◆ Task requirements
Although the records contain pictures, print none of them; print exactly the lines from the one with "Cubico Wave Ribbed" through the last line.

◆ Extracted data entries
BEGIN
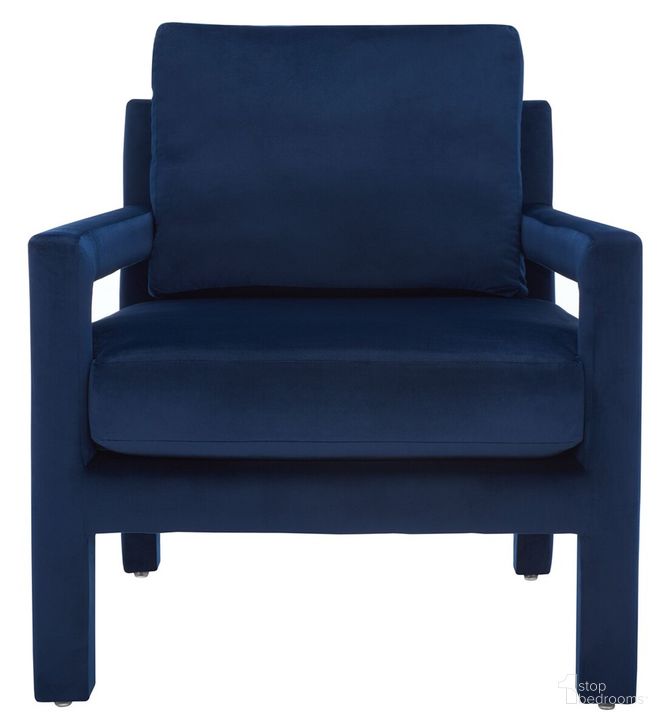 The appearance of Kye Accent Chair in Navy designed by Safavieh in the modern / contemporary interior design. This navy piece of furniture  was selected by 1StopBedrooms from Kye Collection to add a touch of cosiness and style into your home. Sku: ACH1301A. Material: Wood. Product Type: Accent Chair. Image1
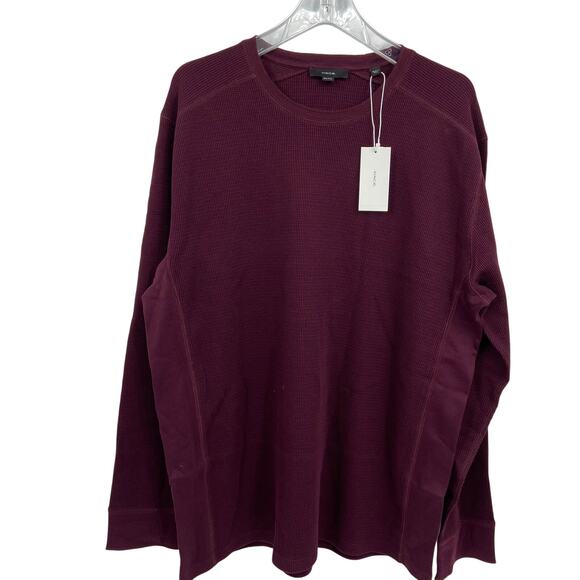 Vince Thermal Shirt Mens Size XXL Deep Wine Pima Cotton Long Sleeve - Picture 1 of 10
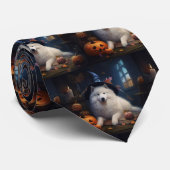 サモイドカボチャのハロウィーン怖い ネクタイ (ロール)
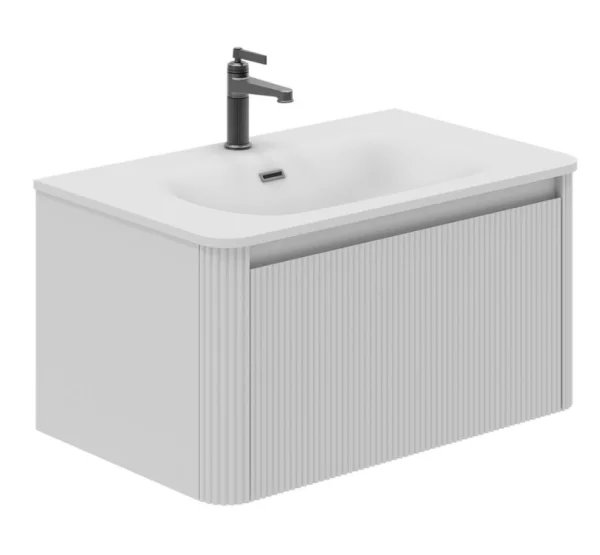 Cubico Wave Ribbed 800mm Wall Hung Vanity Unit Matt White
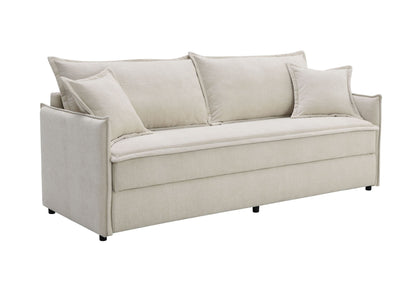 Elisea Beige Fabric Sleeper Sectional Sofa w/ 2 Toss Pillows - 1st Choice Furniture Direct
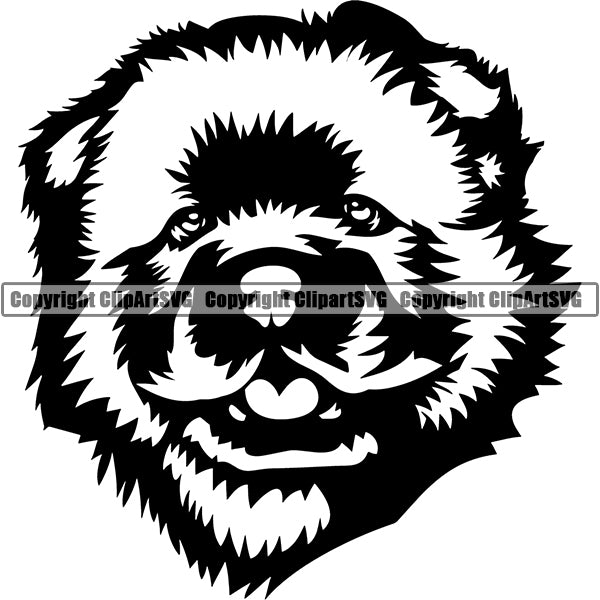 Chow Chow Dog Breed Head Face ClipArt SVG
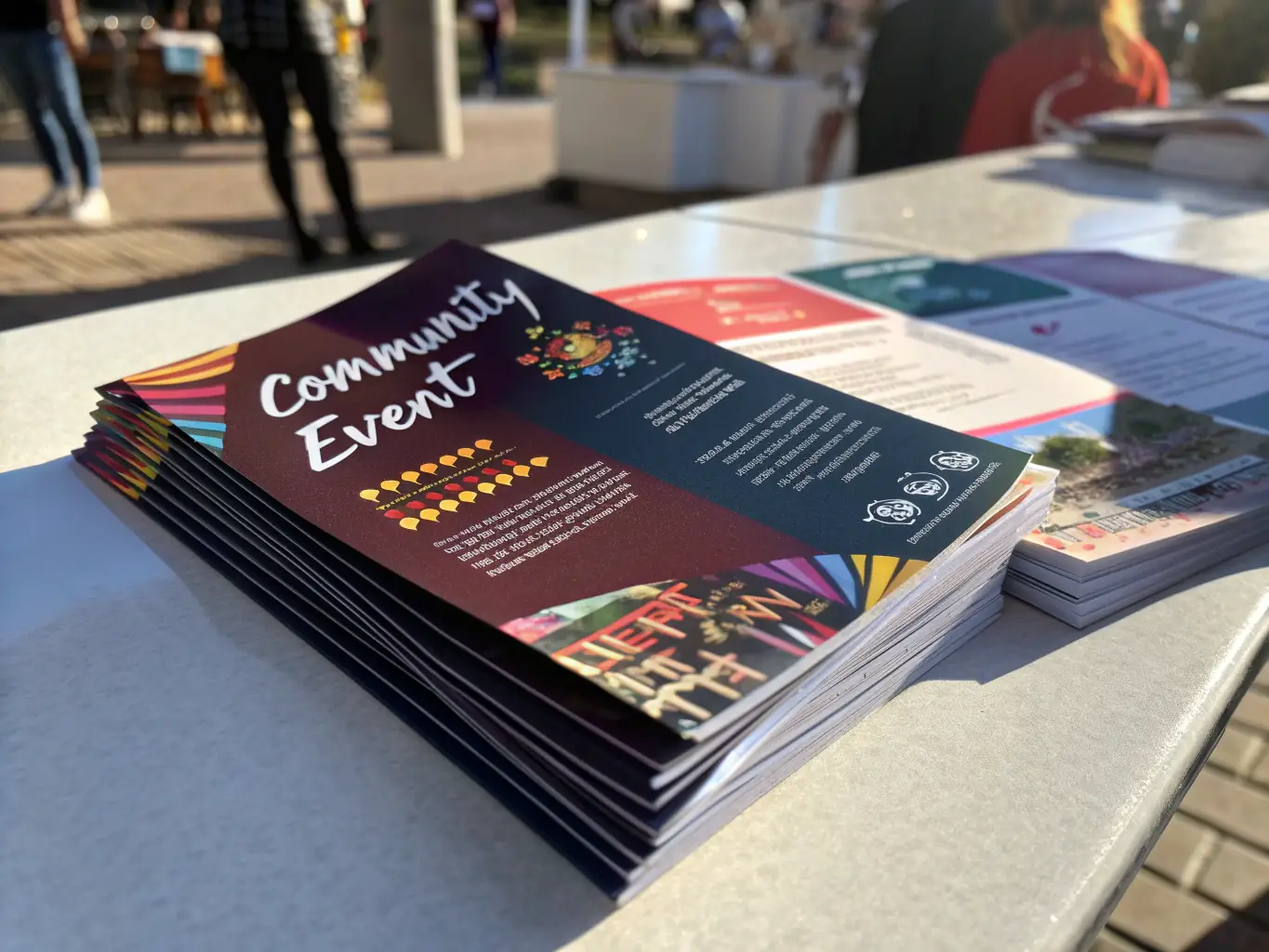 A stack of vibrant, professionally printed flyers with a modern design, showcasing a marketing campaign for a local business, emphasizing the quality and impact of flyer marketing.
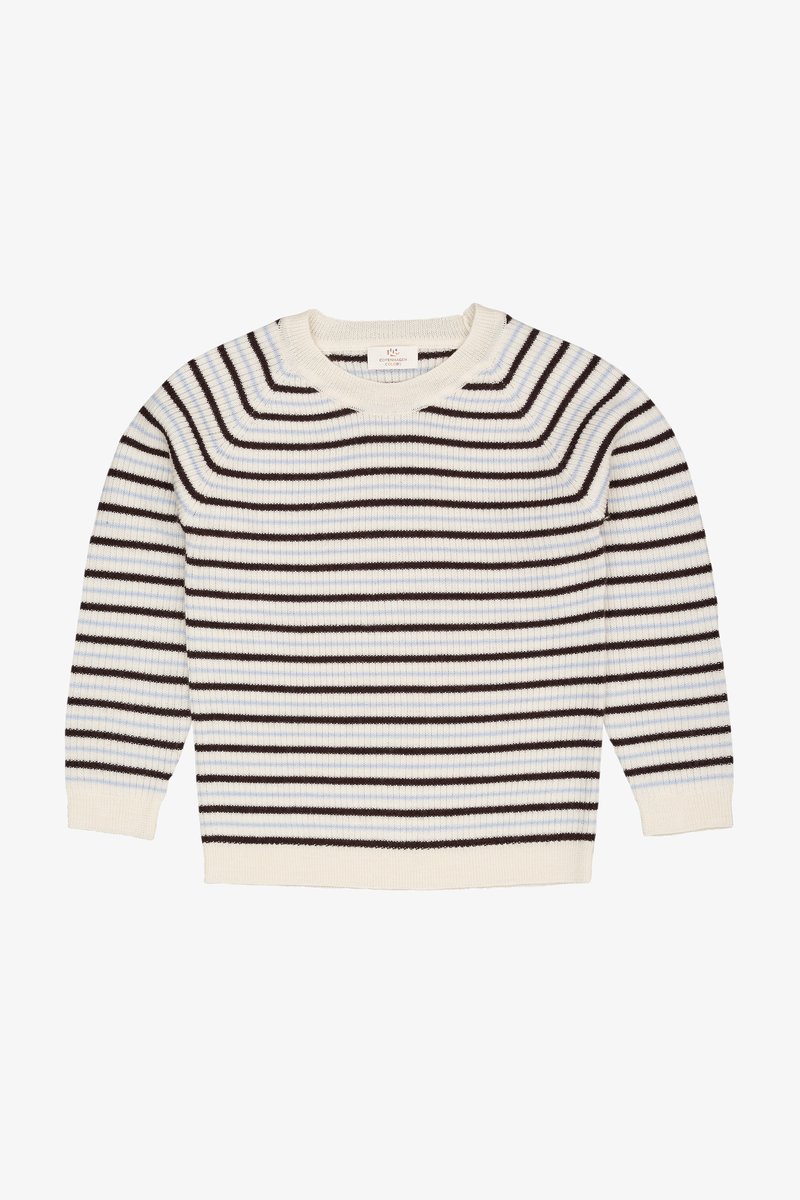 Maglione a righe in crema, marrone e azzurro chiaro. Presenta una texture a costine, scollatura rotonda e maniche lunghe.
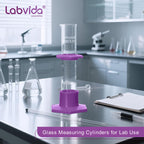 Labvida 4pcs 100ml Graduated Cylinders, 3.3 Borosilicate Glass, LVE004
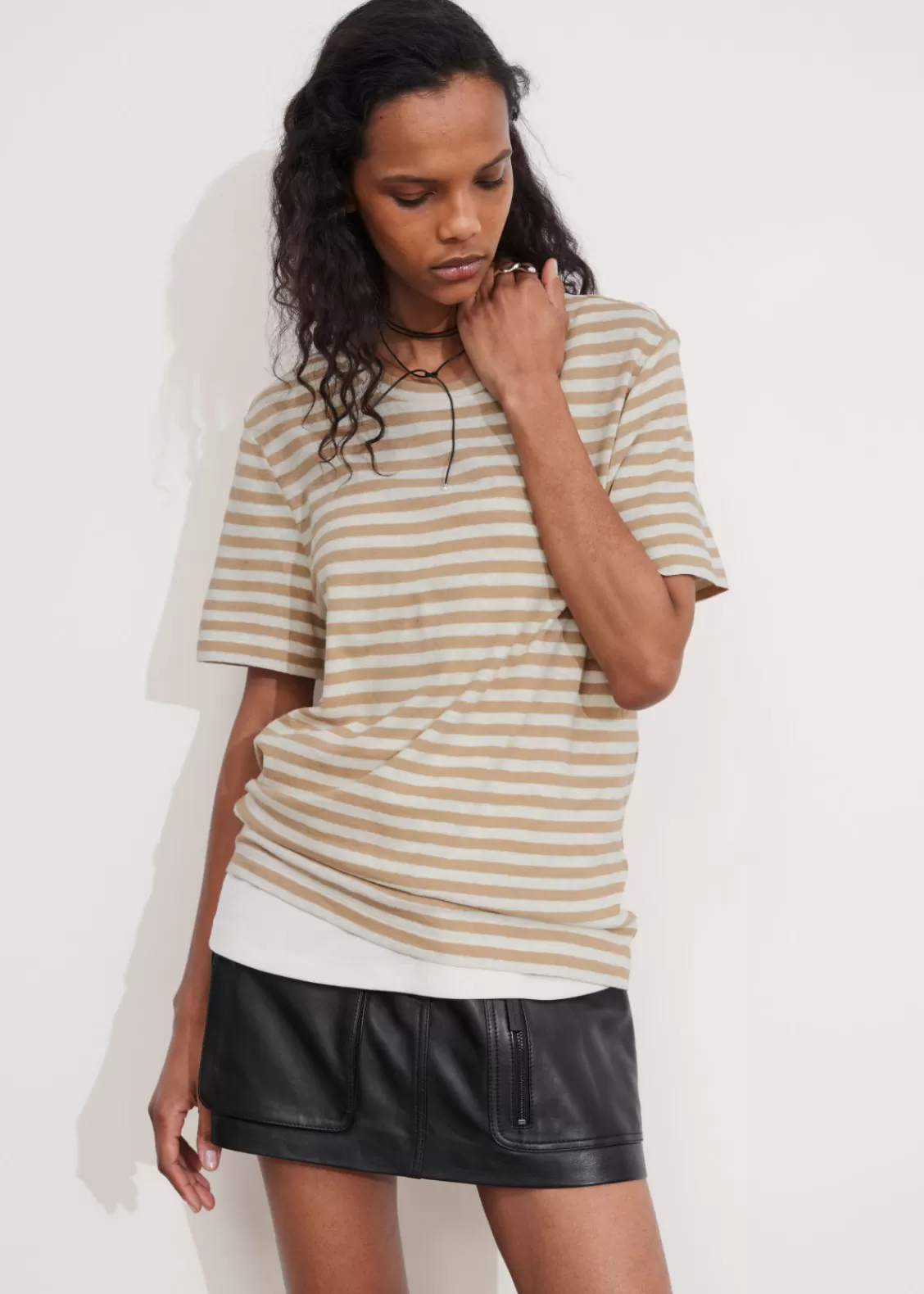 & Other Stories Tops | Linen-Blend T-Shirt Beige/Cream Stripes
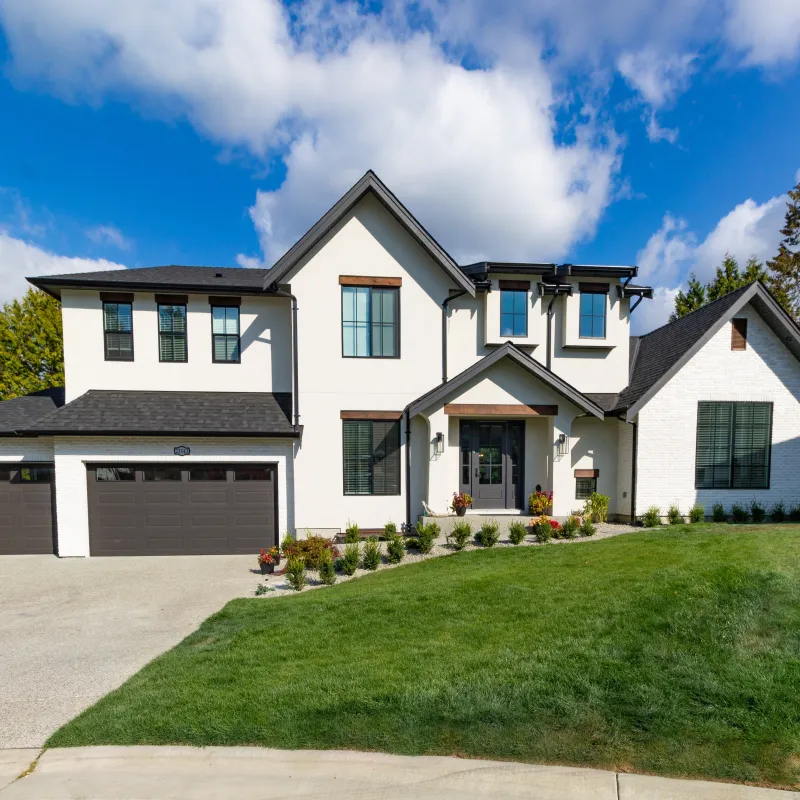a house with a green lawn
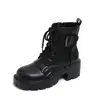 Botines de Tacón Alto Retro 2026 para Mujer, Elegantes con Cremallera Lateral, Estilo Británico de Otoño, Hebilla de Cinturón, Nuevos Botines Martin de Punta Redonda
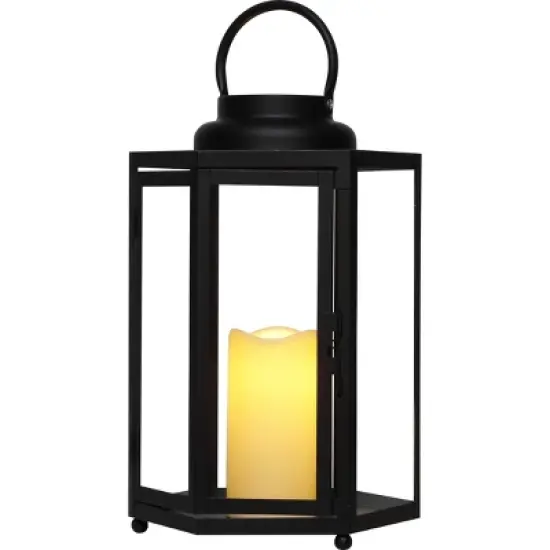 14" Hexagonal Candlelit Iron Lantern with LED Lights Black/White - Alpine Corporation image {2}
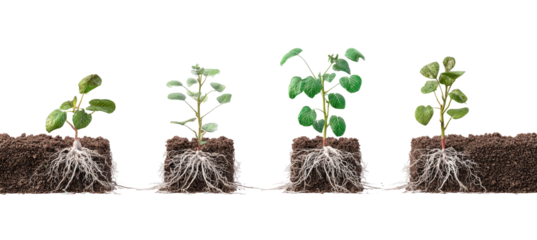 Stages of plant growth, showing progression from seedling to mature plant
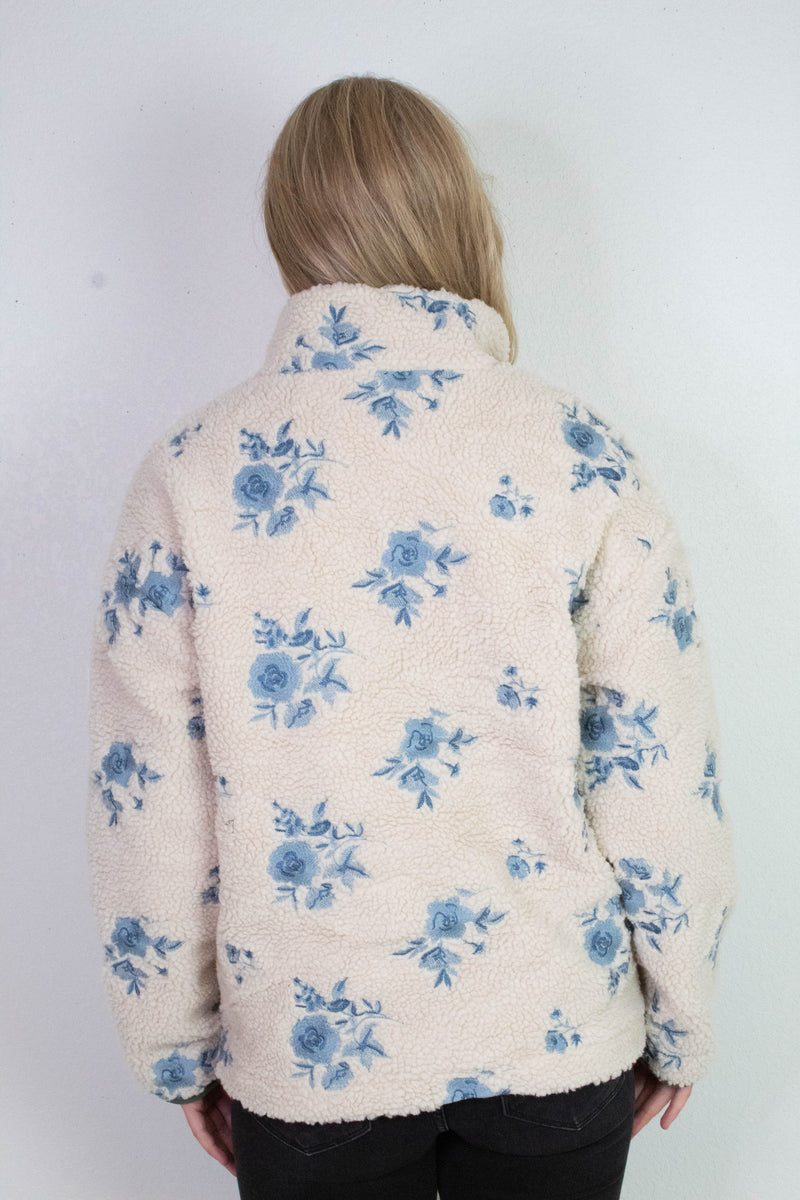 Poppy Anorak Jacket, Cream Blue | RD Style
END
◆ Written answer
 Cubico Wave Ribbed 800mm Wall Hung Vanity Unit Matt White
 Elisea Beige Fabric Sleeper Sectional Sofa w/ 2 Toss Pillows - 1st Choice Furniture Direct
 Chow Chow Dog Breed Head Face ClipArt SVG
 A stack of vibrant, professionally printed flyers with a modern design, showcasing a marketing campaign for a local business, emphasizing the quality and impact of flyer marketing.
 Maglione a righe in crema, marrone e azzurro chiaro. Presenta una texture a costine, scollatura rotonda e maniche lunghe.
 Labvida 4pcs 100ml Graduated Cylinders, 3.3 Borosilicate Glass, LVE004
 & Other Stories Tops | Linen-Blend T-Shirt Beige/Cream Stripes
a house with a green lawn
 Botines de Tacón Alto Retro 2026 para Mujer, Elegantes con Cremallera Lateral, Estilo Británico de Otoño, Hebilla de Cinturón, Nuevos Botines Martin de Punta Redonda
 14" Hexagonal Candlelit Iron Lantern with LED Lights Black/White - Alpine Corporation image {2}
 Stages of plant growth, showing progression from seedling to mature plant
 Poppy Anorak Jacket, Cream Blue | RD Style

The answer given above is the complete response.